A recent report by the Institute for Energy Economics and Financial Analysis and Climate Energy Finance estimated that India is projected to add 35-40 GW of renewable energy capacity annually up to FY2029/30.
The IEEFA and CEF estimate that renewable energy capacity will reach 405 GW in FY2039/30, putting India on track to surpass its target of 50% of its energy from non-fossil fuel sources by 2030.The third largest energy-consuming country in the world is expected to, therefore, surpass the Indian government’s target of producing 50% of its electricity from non-fossil fuel sources by the end of the decade. The key findings of the report also state that thermal power is set to progressively lose market share in India. The recent push to expand use of domestically produced thermal energy is likely to be a short-term hiccup.

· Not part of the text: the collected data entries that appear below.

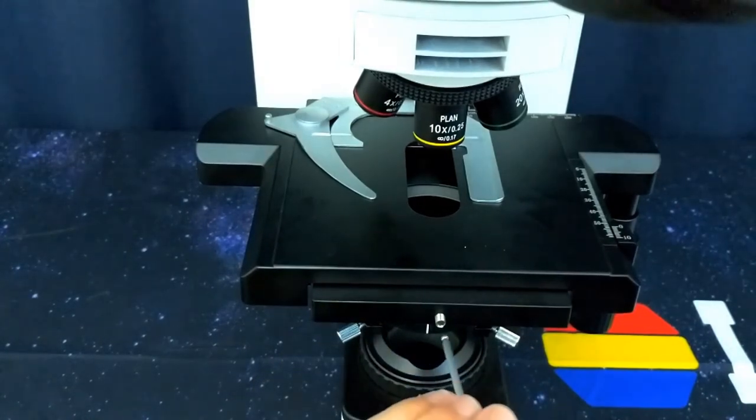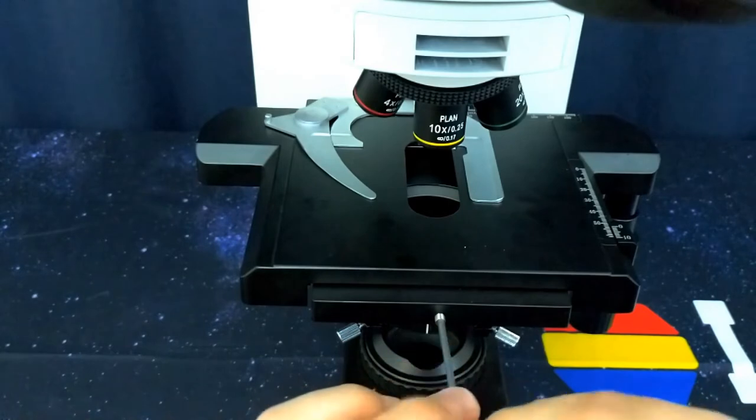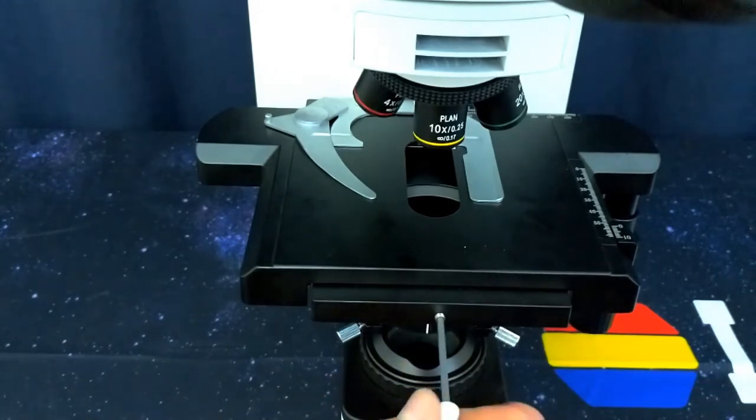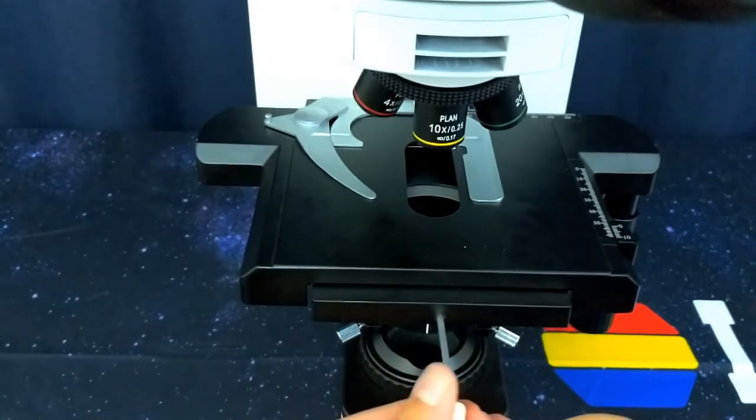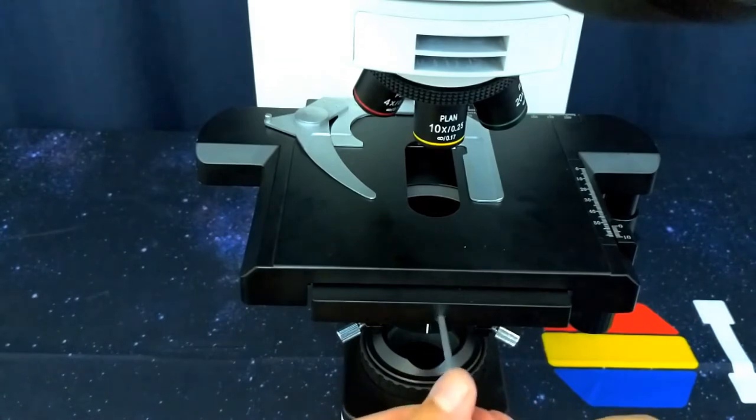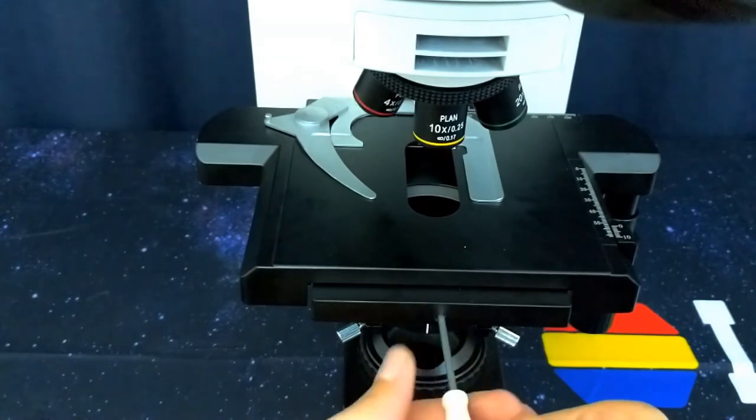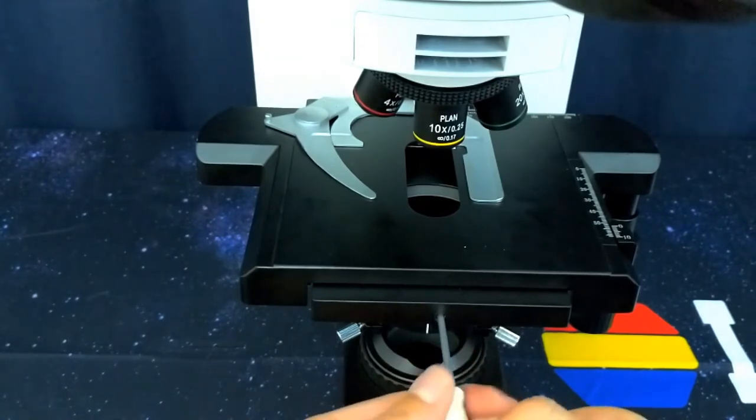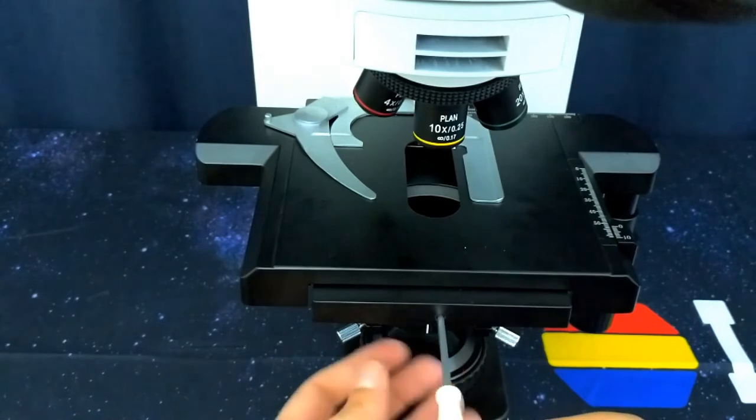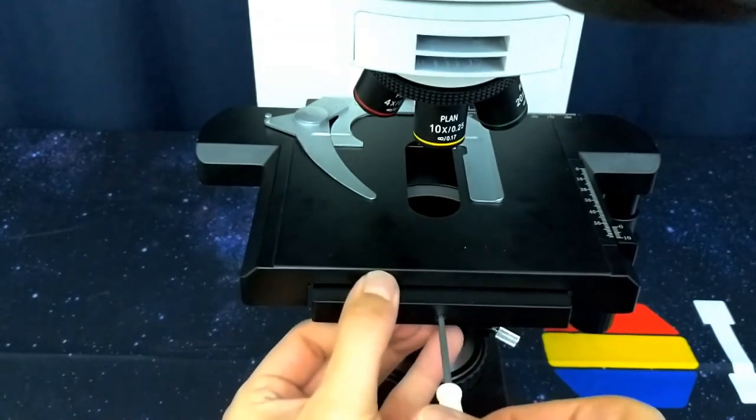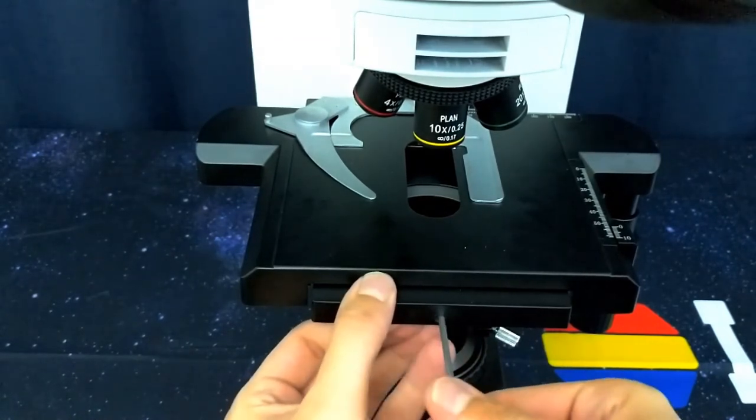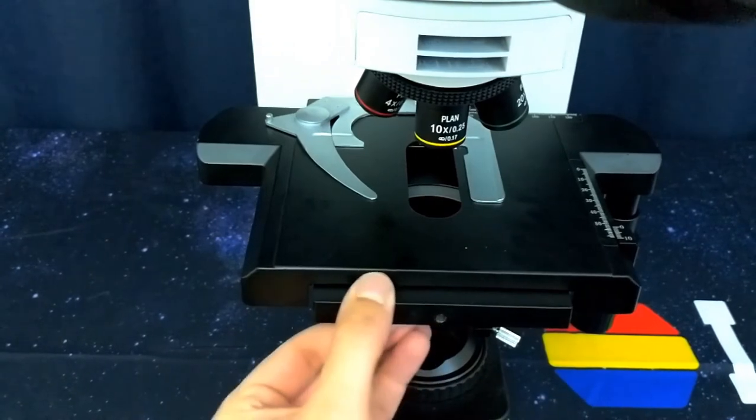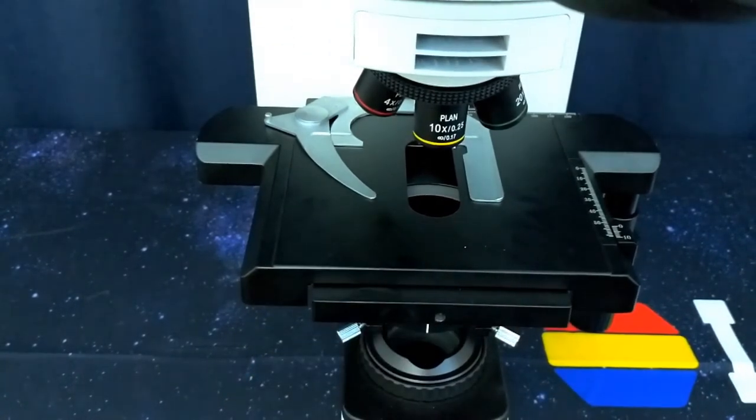Using your hex Allen tool, adjust the stage set pin clockwise to tighten the stage onto the stage mount. This may take several revolutions of the Allen key. Once you feel the stage starting to contact the stage mount, pull forward on the bottom of the stage and tighten the rest of the way. Ensure the stage is stable.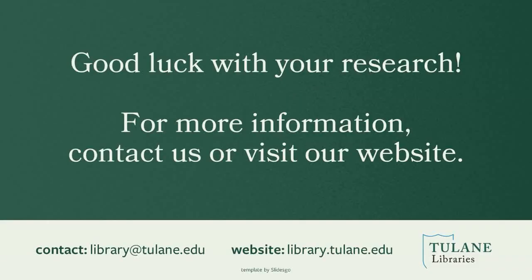Good luck with your research. For more information, contact us at library@tulane.edu, or visit our website library.tulane.edu. Thank you.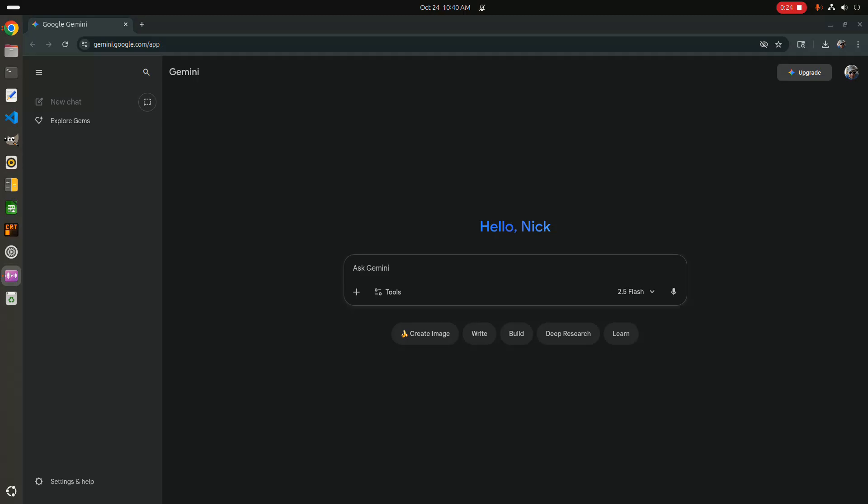But with the release of Google's Nano Banana, that changed in a big way. It regularly surprises me with how accurate it is in following instructions. But the user experience through the web interface is less than ideal.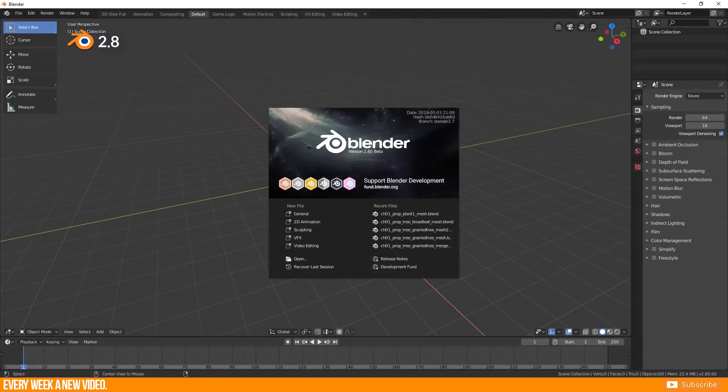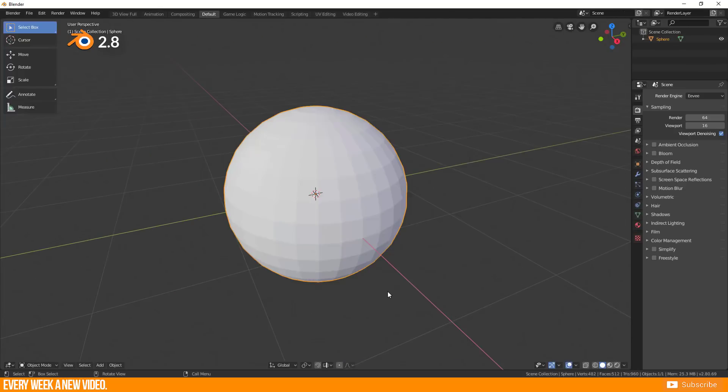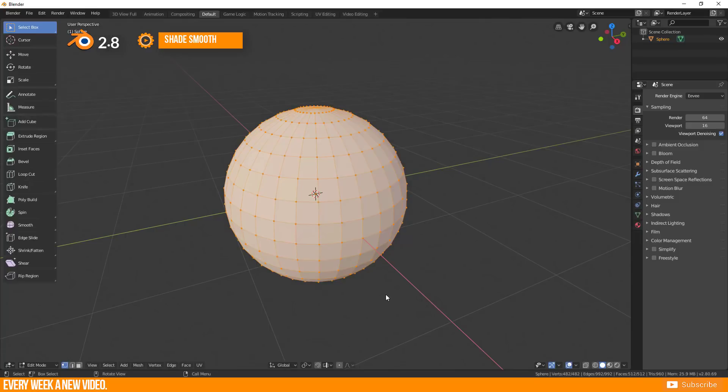And how does it work in Blender 2.8? I will speed up the previous process by just showing you where are all those functions.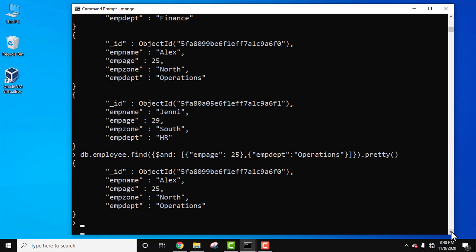Through this you can easily work on the AND operator in MongoDB. Thank you for watching the video. If you liked it, do subscribe to our channel AmitThings.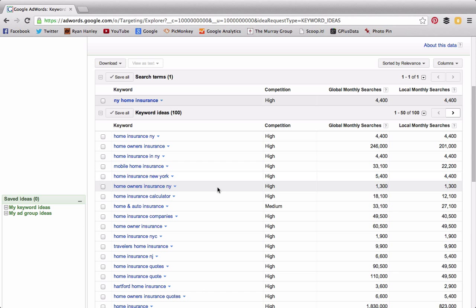By creating content around the fact that you have a search result where the consumer is putting something slightly different into Google—different than what most of your competitors are creating content around—there's a very good chance that you can capture a significant portion of this 1,300 local monthly searches. Being that there's the NY, the New York State abbreviation indicator in there, you have to assume that most of those 1,300 searches are consumers in New York State looking for homeowners insurance, not knowing that the word "homeowners" in insurance terms is actually one word.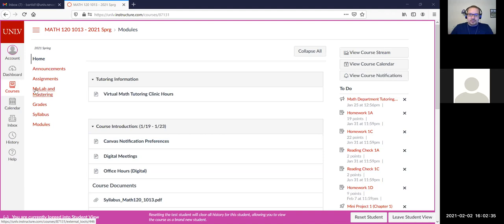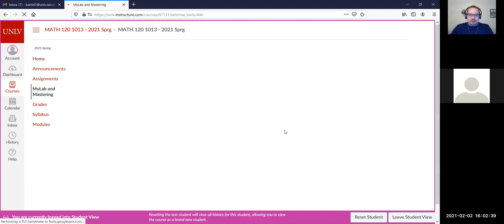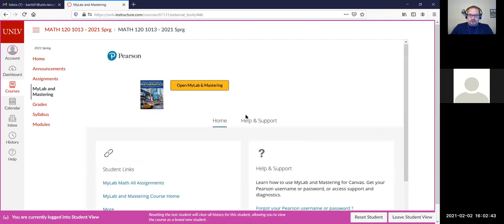A student asks about the Pearson MapLab access code — whether it comes automatically when creating an account or can be found on Canvas. The instructor explains that since accounts are synced with web campus, logging in through web campus will input the access code automatically. There is a 'My Lab and Mastering' tab in web campus, and logging in through there will link the account automatically.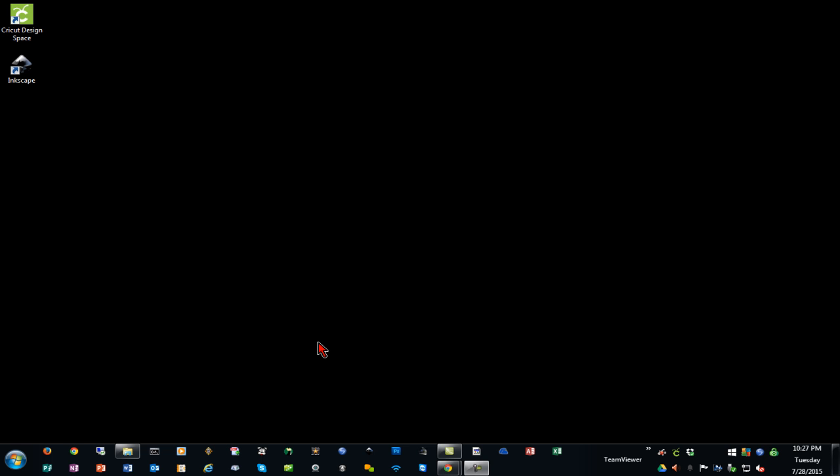When you unplug it and plug it in with the USB cord, your computer will make the sound like it's detecting that it's being plugged in and unplugged, but Design Space simply will not see it. And this is usually because the drivers do not install properly. I'm going to show you how to fix that.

The report points out that India has been one of the champions globally in adopting renewable energy as part of its energy transition. Installed renewable energy capacity (including large hydro) rose from a few megawatts (MW) in 2010 to ~163 gigawatts (GW) as of August 2022. India’s ambitious renewable energy targets and the associated policy and reform framework have been an important tailwind for the sector’s development. Additionally, the transition has also resulted in shunning coal power capacity, with additions hitting rock bottom in FY2021/22. There have been several headwinds faced by the renewable energy sector lately, along with rapidly rising power demand from across the country. These factors have led to the government taking a re-look at thermal power as a fix against any power crunch in the foreseeable future.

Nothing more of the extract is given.